A greater-than-expected US budget deficit and continuing recession woes led some US lawmakers Sunday to urge President Barack Obama to scale back his ambitious healthcare overhaul plan.
"I would advise the president that bringing up of the healthcare situation in the midst of recession... was a mistake," said Senator Richard Lugar, a Republican, on CNN's State of the Union talkshow.
"It's the economic malaise now this president has to concentrate on and he'll get support doing that," said Lugar, a senior GOP lawmaker.
"Let's clear the deck and try it again next year or in subsequent times," he said.
The suggestion that Obama trim his the sweeping healthcare reform plan -- or at least introduce it in stages -- came as the president's administration was poised to raise the 10-year US budget deficit forecast to about nine trillion dollars.

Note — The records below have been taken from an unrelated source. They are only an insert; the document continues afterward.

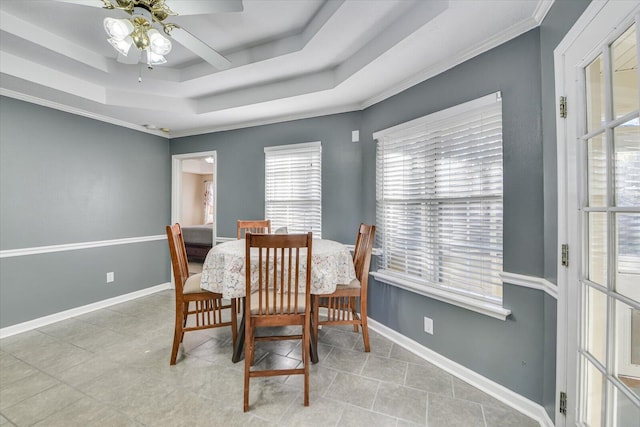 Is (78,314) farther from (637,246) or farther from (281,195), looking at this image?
(637,246)

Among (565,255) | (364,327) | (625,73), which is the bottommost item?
(364,327)

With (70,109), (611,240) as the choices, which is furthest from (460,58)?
(70,109)

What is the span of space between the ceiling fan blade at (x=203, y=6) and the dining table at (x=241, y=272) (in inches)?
60.0

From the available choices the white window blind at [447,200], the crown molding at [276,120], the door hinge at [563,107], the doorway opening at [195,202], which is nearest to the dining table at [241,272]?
the white window blind at [447,200]

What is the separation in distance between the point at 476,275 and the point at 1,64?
13.9ft

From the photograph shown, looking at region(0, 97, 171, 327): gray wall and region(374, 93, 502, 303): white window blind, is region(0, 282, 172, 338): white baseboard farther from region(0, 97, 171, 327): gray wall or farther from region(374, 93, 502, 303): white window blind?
region(374, 93, 502, 303): white window blind

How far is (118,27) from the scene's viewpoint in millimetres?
1478

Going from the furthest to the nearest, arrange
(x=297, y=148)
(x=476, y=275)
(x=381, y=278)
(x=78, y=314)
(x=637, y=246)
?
(x=297, y=148) → (x=78, y=314) → (x=381, y=278) → (x=476, y=275) → (x=637, y=246)

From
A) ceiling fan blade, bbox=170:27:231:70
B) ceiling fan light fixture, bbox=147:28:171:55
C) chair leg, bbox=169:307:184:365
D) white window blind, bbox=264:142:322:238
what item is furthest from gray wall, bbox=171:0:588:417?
ceiling fan light fixture, bbox=147:28:171:55

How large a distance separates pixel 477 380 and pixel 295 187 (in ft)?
8.60

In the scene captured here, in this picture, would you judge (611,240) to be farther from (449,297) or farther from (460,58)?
(460,58)

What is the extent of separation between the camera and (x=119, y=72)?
8.84 feet

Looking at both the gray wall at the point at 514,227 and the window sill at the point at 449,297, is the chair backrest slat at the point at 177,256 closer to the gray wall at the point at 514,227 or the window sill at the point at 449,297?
the window sill at the point at 449,297

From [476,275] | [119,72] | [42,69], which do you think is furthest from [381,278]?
[42,69] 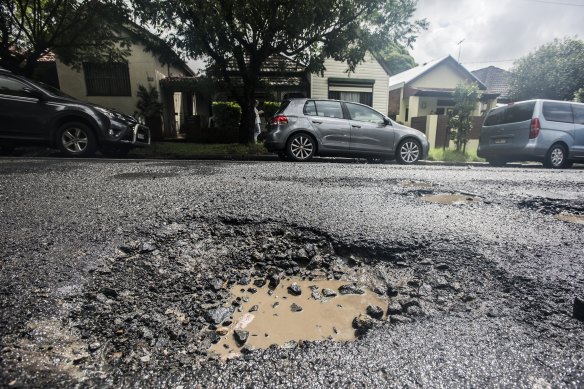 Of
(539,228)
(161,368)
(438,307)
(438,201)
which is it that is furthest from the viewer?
(438,201)

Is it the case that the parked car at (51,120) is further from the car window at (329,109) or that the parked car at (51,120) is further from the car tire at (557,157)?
the car tire at (557,157)

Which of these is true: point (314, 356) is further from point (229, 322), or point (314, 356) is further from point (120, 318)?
point (120, 318)

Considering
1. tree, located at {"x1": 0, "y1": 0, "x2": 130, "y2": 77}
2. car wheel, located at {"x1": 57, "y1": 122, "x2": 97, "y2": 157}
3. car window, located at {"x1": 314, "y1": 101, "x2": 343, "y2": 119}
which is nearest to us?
car wheel, located at {"x1": 57, "y1": 122, "x2": 97, "y2": 157}

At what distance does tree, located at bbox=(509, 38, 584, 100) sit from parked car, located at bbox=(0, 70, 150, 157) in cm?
2942

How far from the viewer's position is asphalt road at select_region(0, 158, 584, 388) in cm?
115

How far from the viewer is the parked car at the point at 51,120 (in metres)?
6.75

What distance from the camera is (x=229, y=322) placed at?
1.54m

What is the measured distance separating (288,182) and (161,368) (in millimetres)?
3190

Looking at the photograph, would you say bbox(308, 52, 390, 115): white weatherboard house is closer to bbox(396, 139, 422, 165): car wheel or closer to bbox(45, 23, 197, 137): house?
bbox(45, 23, 197, 137): house

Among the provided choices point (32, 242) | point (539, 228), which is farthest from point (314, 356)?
point (539, 228)

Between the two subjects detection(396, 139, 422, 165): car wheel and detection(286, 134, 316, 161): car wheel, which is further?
detection(396, 139, 422, 165): car wheel

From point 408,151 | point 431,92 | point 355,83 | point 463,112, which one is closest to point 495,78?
point 431,92

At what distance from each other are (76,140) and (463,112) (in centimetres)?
1192

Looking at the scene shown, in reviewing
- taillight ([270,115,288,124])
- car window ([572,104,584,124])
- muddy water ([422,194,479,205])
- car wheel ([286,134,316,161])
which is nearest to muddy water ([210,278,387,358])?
muddy water ([422,194,479,205]) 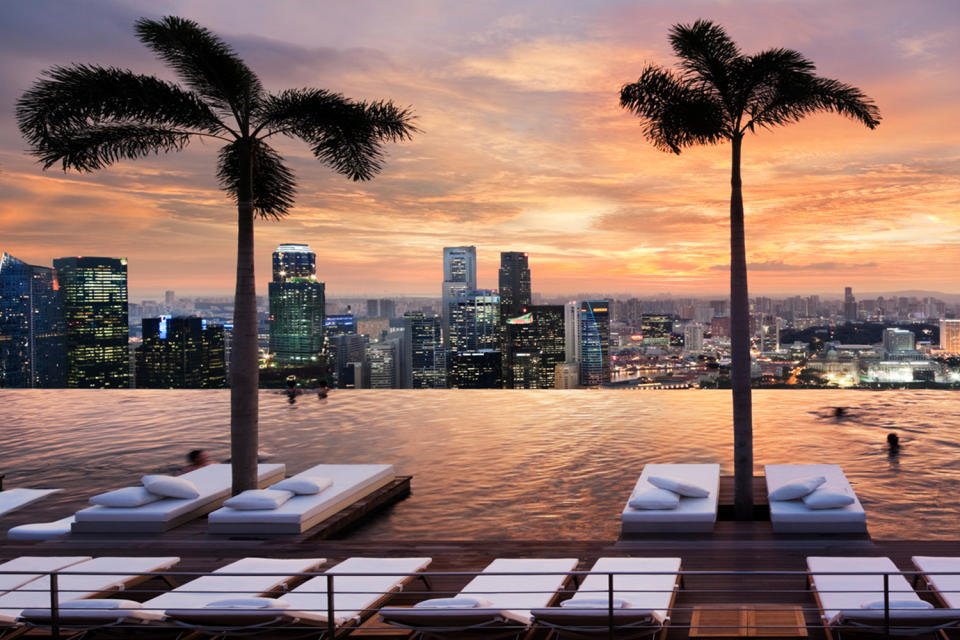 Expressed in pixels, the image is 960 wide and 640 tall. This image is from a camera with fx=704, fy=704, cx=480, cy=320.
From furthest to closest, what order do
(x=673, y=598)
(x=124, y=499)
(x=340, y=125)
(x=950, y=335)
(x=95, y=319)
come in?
(x=95, y=319) < (x=950, y=335) < (x=340, y=125) < (x=124, y=499) < (x=673, y=598)

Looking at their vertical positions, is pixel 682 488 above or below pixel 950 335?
below

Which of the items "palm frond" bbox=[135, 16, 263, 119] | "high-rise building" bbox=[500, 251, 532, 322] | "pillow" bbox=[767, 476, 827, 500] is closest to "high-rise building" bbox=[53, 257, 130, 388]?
"high-rise building" bbox=[500, 251, 532, 322]

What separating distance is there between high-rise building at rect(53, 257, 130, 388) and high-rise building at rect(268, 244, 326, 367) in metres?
8.86

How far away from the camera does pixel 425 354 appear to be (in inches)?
1750

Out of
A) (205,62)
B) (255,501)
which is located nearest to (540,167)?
(205,62)

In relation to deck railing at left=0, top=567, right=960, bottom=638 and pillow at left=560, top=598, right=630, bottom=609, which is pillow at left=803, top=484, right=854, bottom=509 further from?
pillow at left=560, top=598, right=630, bottom=609

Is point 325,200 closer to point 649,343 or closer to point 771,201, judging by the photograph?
point 771,201

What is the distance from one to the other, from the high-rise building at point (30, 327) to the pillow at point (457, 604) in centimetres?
3694

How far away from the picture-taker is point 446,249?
156 ft

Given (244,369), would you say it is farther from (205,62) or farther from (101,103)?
(205,62)

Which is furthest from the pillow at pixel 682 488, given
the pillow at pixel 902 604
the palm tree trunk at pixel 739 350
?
the pillow at pixel 902 604

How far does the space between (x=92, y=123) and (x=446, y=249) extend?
38.0 meters

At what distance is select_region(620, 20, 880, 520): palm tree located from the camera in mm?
8664

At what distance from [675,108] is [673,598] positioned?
21.0 feet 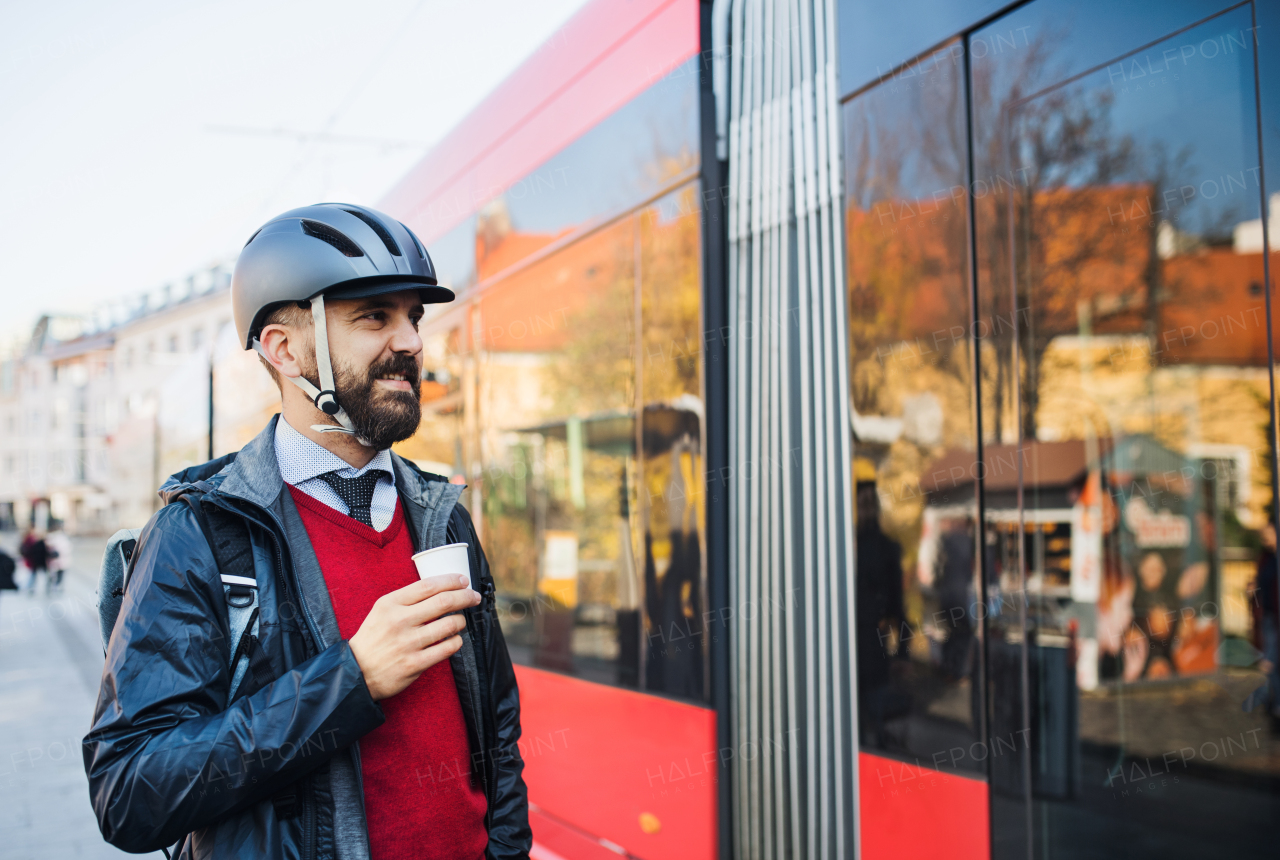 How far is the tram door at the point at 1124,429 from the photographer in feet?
5.72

The forecast, an increase of about two trillion dollars over previous projections, was to be formally announced this week.
The rising tide of red ink has increased the pressure on the president to scale back plans to remake US healthcare -- including from political allies like Senator Joe Lieberman, an independent who generally votes with majority Democrats.
"I think it's a real mistake to try to jam through the total health insurance reform, healthcare reform plan that the public is either opposed to or of very, very passionate mixed minds about," Lieberman told CNN.
"He has got other fights to fight," Lieberman said, adding that in tackling the unwieldy health reform issue the president may have taken on one too many challenges.
"He's got climate change next domestically. He's got financial regulatory reform. He's got the war in Afghanistan," the Connecticut lawmaker said.
Lieberman told CNN that a piecemeal approach to healthcare reform would be better than one massive legislative package.
"Let's do the three-quarters and save the other quarter for a day when the economy is growing and maybe we've done something to turn down the deficit," he said.
Obama has watched his poll ratings dip sharply over recent months, in the face of stiff Republican attacks and mounting public concern over how to pay for the reform package.
A Wall Street Journal/NBC News poll last week found that 51 percent of those asked were very or fairly sure that Obama would bring real change to America -- down 10 points from February.
A Quinnipiac University poll this month suggested Obama's approval ratings had slumped to 50 percent, the lowest since his inauguration -- a reflection of growing unease about his handling of the economy.
Lieberman said a scaled-down health reform bill might still cover three-quarters of the reform items currently on the agenda.
As for the rest, "I'm afraid we've got to think about putting a lot of that off until the economy's out of recession," said Lieberman.
"There's no reason we have to do it all now," he said.